What you need to do:
Taking the data below line by line, count those that include the word "glucose" and report the number alone.
(Exercise data Opens)
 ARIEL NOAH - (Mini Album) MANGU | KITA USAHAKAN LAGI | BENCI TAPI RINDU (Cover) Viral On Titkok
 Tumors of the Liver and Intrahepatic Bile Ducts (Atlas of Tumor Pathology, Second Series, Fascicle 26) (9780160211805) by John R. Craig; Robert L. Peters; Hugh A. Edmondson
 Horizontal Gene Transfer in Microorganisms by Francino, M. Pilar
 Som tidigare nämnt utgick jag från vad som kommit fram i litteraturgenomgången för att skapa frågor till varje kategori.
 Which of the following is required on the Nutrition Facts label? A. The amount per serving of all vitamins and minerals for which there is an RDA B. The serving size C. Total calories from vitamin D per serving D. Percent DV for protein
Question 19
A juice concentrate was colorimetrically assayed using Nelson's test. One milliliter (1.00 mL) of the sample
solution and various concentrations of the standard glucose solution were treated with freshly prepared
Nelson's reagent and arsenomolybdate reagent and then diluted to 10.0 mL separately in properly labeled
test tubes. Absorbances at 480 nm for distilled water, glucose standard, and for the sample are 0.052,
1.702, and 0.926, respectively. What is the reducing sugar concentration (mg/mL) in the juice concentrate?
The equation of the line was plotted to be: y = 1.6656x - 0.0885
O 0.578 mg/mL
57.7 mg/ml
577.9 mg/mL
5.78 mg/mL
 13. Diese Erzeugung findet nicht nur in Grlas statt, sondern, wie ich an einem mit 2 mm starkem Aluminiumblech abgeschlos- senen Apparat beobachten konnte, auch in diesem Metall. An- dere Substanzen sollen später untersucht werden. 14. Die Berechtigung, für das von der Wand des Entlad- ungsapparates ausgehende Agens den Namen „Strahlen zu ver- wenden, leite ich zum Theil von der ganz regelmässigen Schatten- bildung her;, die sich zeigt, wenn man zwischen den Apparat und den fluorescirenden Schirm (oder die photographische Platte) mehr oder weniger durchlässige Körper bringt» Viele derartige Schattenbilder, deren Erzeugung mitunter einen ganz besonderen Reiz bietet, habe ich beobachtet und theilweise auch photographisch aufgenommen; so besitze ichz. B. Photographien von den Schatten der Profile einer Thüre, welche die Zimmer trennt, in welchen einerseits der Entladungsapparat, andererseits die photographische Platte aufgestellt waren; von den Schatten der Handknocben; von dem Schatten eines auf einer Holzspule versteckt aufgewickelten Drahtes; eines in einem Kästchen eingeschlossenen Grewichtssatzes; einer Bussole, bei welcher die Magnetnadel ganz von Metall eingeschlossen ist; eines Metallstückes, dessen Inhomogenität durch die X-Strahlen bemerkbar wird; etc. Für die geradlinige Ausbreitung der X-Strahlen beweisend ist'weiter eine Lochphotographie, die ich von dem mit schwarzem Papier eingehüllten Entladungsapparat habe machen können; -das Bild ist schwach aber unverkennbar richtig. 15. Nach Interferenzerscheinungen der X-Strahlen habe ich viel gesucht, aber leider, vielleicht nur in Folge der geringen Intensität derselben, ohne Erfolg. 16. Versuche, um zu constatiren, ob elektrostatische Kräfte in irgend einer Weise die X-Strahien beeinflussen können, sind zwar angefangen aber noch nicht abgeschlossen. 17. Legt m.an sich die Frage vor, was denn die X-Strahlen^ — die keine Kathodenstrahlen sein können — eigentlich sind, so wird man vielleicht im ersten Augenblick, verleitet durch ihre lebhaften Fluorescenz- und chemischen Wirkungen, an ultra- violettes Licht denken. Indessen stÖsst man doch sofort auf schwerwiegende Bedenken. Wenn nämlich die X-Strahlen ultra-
(Exercise data Closes)
Answer for this exercise:
2